Rudi Seitz (2020). "Understanding TF-IDF and BM-25." - Blog Post A comprehensive guide to understanding TF-IDF its limitations and why BM-25 is a better alternative.
Van Rijsbergen, C. J. (1979). "Information Retrieval (2nd ed.)" - Book A foundational text on the principles of information retrieval systems.
Gupta et al. (2014). "Improved pattern learning for bootstrapped entity extraction." - Paper Discusses pattern-based bootstrapping approaches to entity extraction.
Wang et al. (2019). "GLUE: A Multi-Task Benchmark And Analysis Platform For Natural Language Understanding." - Paper | GLUE Benchmark Proposes a widely adopted multi-task benchmark for evaluating NLP models.
Strubell et al. (2019). "Energy and Policy Considerations for Deep Learning in NLP." - Paper Investigates the environmental impact of large-scale NLP model training.
Dodge et al. (2022). "Software Carbon Intensity (SCI)." - Paper A framework for measuring the carbon intensity of software solutions.
Sheng et al. (2019). "The Woman Worked as a Babysitter: On Biases in Language Generation." - Paper Examines bias in language models via prompts and generated outputs.
Hu et al. (2020). "XTREME: A Massively Multilingual Multi-task Benchmark for Evaluating Cross-lingual Generalization." - Paper A benchmark covering a range of cross-lingual transfer tasks.
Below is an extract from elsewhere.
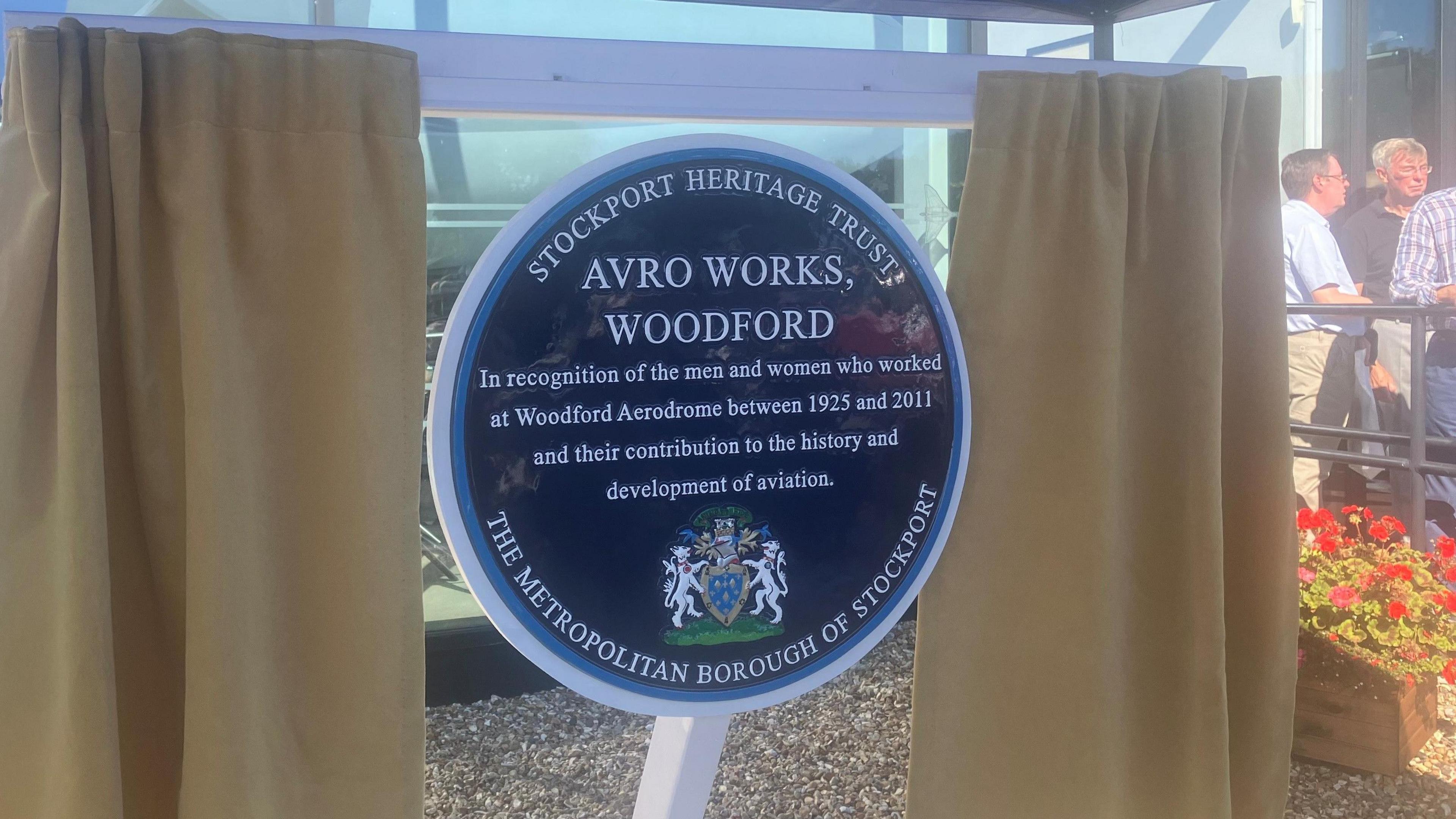 The plaque unveiled at the museum reads: "In recognition of the men and women who worked at the Woodford Aerodrome between 1925 and 2011 and their contribution to the history and development of aviation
These readings offer both historical perspectives and modern insights into how NLP has evolved and why these methods work.

💻 Practical Components

Finally, you’ll put theory into practice by:

Building a basic text-processing pipeline (regexes, spaCy, etc.).
Implementing your own TF-IDF vectorizer or using existing libraries like scikit-learn.
Running a simple text classification experiment on a real dataset.
Comparing baseline results with more advanced approaches to see how improvements stack up.